After three consecutive 1-2-3 innings, Ceddanne Rafaela finally chased Kirby out of the game with a two-out single in the seventh.
“He’s one of the best pitchers in the league,” Cora said. “He doesn’t walk people, he walks two in the first inning and we had a shot, we didn’t cash in, and after that he found his rhythm… He’s a tough customer.”
Seattle’s bullpen gave Boston chances to take the game. Pinch-hitting for Enmanuel Valdez, Pablo Reyes greeted Mariners reliever Gabe Speier with a single. Unfortunately, it was first-inning deja vu all over again, as Bobby Dalbec struck out to strand two. Ryne Stanek was all over the place when he took over in the top of the eighth, issuing a leadoff walk to Reese McGuire and giving up a two-out single to Masataka Yoshida before Mariners manager Scott Servais called for Andrés Muñoz, who promptly got Trevor Story to ground out to end the penultimate frame.

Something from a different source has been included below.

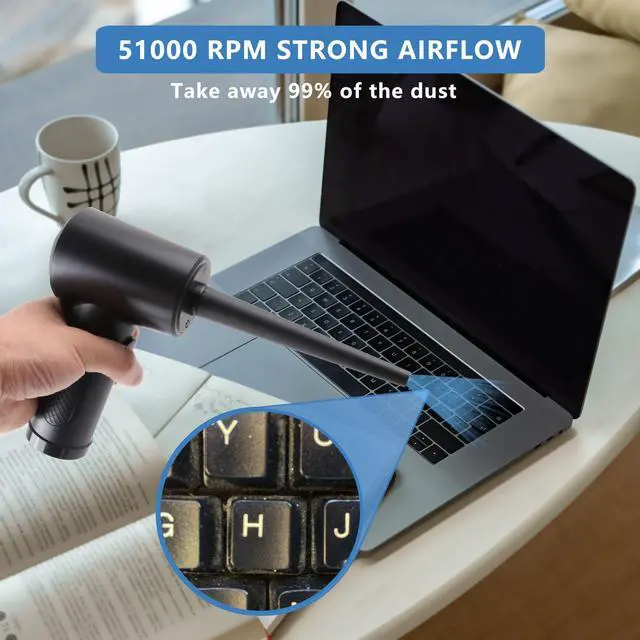 Alt view image 6 of 7 - NEWSTYP Cordless Air Duster, 6000mAh 51000RPM 3-Gear Computer Cleaning Duster, Replaces Compressed Air Cans, Electric Cordless Air Duster for Computer Keyboard Electronics Cleaning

Josh Winckowski pitched the last two innings for Boston. He dominated, striking out four of his first five batters, but after beginning the bottom of the eighth with back-to-back Ks, he gave up a single to No. 9 hitter Luke Raley and loaded the bases with a pair of walks. A lineout to first maintained the 1-0 score, but it didn’t matter.
Through eight, the Sox were 0-for-4 with runners in scoring position, having stranded seven. The 1-0 deficit looked more mountain than molehill.
“We had our chances,” Cora acknowledged. “We moved the line enough, but we didn’t score.”
Muñoz returned to the mound for the top of the ninth, looking for his first four-out save since 2022. He was helped along by Rackley, who called Triston Casas out on strikes, all of which were outside the zone. “We didn’t agree with two pitches there,” Cora said diplomatically, but admitted, “We didn’t do much.”
The Red Sox struck out 1-2-3 to complete the shutout loss.
Postgame, Cora explained that Devers was “just sore.”
However, Devers then admitted that he began feeling some shoulder soreness late in spring training, and that it had been getting “worse and worse.”
Neither he nor Cora ruled out him playing on Saturday, though.